*** Begin section ***

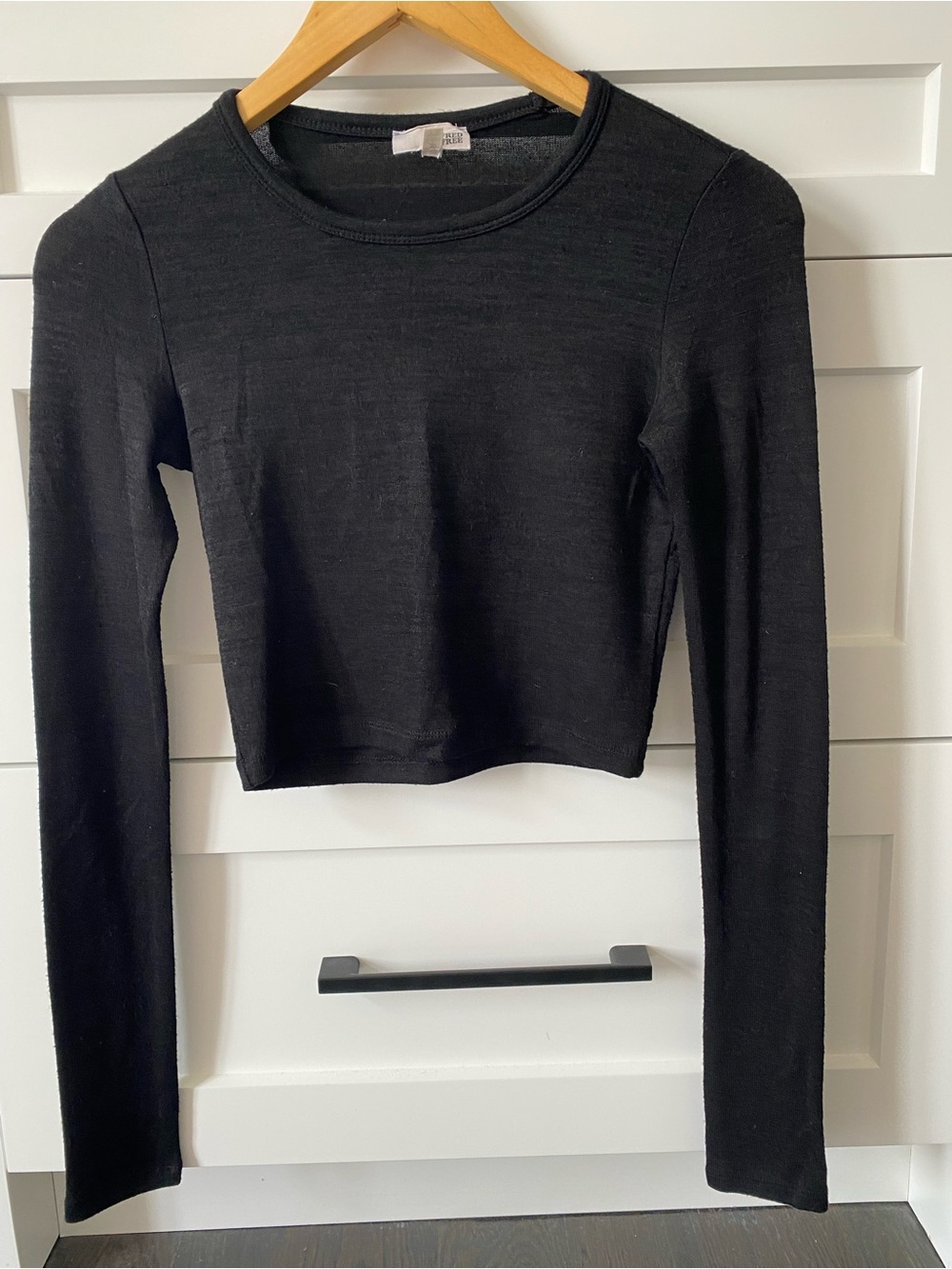 Wilfred Black Long-Sleeve Cropped Tee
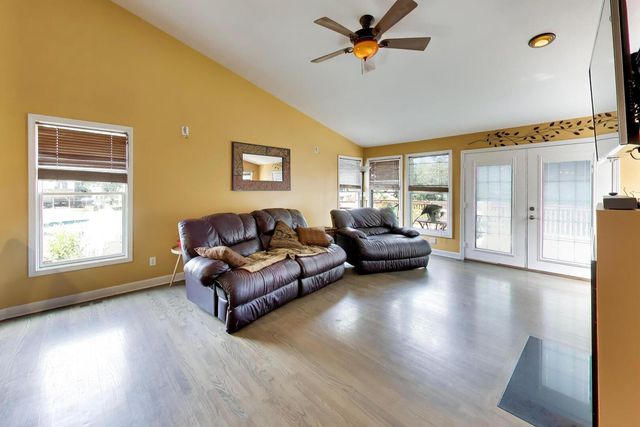7309 Seminole Court, Darien, IL 60561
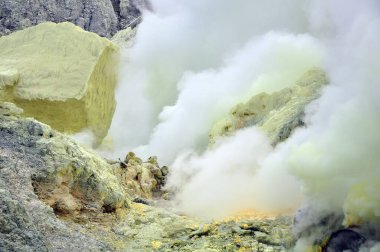 Doğu Java Endonezya 'nın Banyuwangi naipliğindeki İjen Dağı manzarası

*** End section ***

> WHAT YOU WILL DO
Starting at the line with "7309 Seminole Court, Darien, IL 60561", output each line through the final one of the listing above, and nothing else. Pictures are to be left out.

> OUTPUT OF THE TASK
7309 Seminole Court, Darien, IL 60561
 Doğu Java Endonezya 'nın Banyuwangi naipliğindeki İjen Dağı manzarası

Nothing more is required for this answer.